There's some weirdness with bounds on structural types, try using a view bound on S[T] instead.
def apply[T, X <% S[T]] (x: X) = x.doSomething works fine.

What is the point of multiple parameter clauses in function definitions in Scala?

I'm trying to understand the point of this language feature of multiple parameter clauses and why you would use it.
Eg, what's the difference between these two functions really?
class WTF {
def TwoParamClauses(x : Int)(y: Int) = x + y
def OneParamClause(x: Int, y : Int) = x + y
}
>> val underTest = new WTF
>> underTest.TwoParamClauses(1)(1) // result is '2'
>> underTest.OneParamClause(1,1) // result is '2'
There's something on this in the Scala specification at point 4.6. See if that makes any sense to you.
NB: the spec calls these 'parameter clauses', but I think some people may also call them 'parameter lists'.
Here are three practical uses of multiple parameter lists,
To aid type inference. This is especially useful when using higher order methods. Below, the type parameter A of g2 is inferred from the first parameter x, so the function arguments in the second parameter f can be elided,
def g1[A](x: A, f: A => A) = f(x)
g1(2, x => x) // error: missing parameter type for argument x
def g2[A](x: A)(f: A => A) = f(x)
g2(2) {x => x} // type is inferred; also, a nice syntax
For implicit parameters. Only the last parameter list can be marked implicit, and a single parameter list cannot mix implicit and non-implicit parameters. The definition of g3 below requires two parameter lists,
// analogous to a context bound: g3[A : Ordering](x: A)
def g3[A](x: A)(implicit ev: Ordering[A]) {}
To set default values based on previous parameters,
def g4(x: Int, y: Int = 2*x) {} // error: not found value x
def g5(x: Int)(y: Int = 2*x) {} // OK
TwoParamClause involves two method invocations while the OneParamClause invokes the function method only once. I think the term you are looking for is currying. Among the many use cases, it helps you to breakdown the computation into small steps. This answer may convince you of usefulness of currying.
There is a difference between both versions concerning type inference. Consider
def f[A](a:A, aa:A) = null
f("x",1)
//Null = null
Here, the type A is bound to Any, which is a super type of String and Int. But:
def g[A](a:A)(aa:A) = null
g("x")(1)
error: type mismatch;
found : Int(1)
required: java.lang.String
g("x")(1)
^
As you see, the type checker only considers the first argument list, so A gets bound to String, so the Int value for aa in the second argument list is a type error.

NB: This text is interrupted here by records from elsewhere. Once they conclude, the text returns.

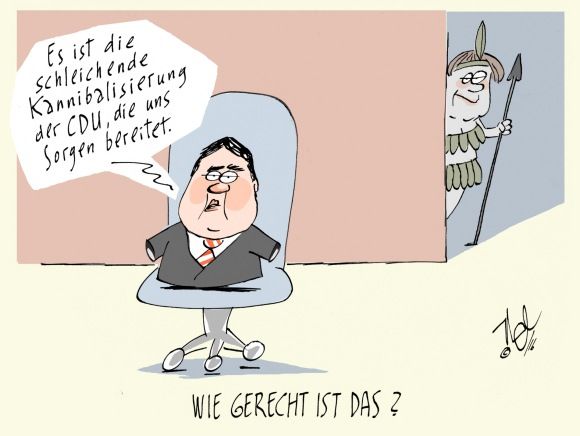 gabriel cdu kannibalismus gerecht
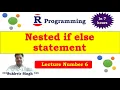 R Programming Part 6 nested if else statement in R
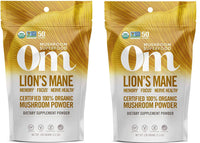 Thumbnail for Om Organic Mushroom Superfood Powder, Lions Mane, 3.5 Ounce (50 Servings) (Тwo Рack)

Multiple parameter lists can help scala type inference for more details see: Making the most of Scala's (extremely limited) type inference
Type information does not flow from left to right within an argument list, only from left to right across argument lists. So, even though Scala knows the types of the first two arguments ... that information does not flow to our anonymous function.
...
Now that our binary function is in a separate argument list, any type information from the previous argument lists is used to fill in the types for our function ... therefore we don't need to annotate our lambda's parameters.
There are some cases where this distinction matters:
Multiple parameter lists allow you to have things like TwoParamClauses(2); which is automatically-generated function of type Int => Int which adds 2 to its argument. Of course you can define the same thing yourself using OneParamClause as well, but it will take more keystrokes
If you have a function with implicit parameters which also has explicit parameters, implicit parameters must be all in their own parameter clause (this may seem as an arbitrary restriction but is actually quite sensible)
Other than that, I think, the difference is stylistic.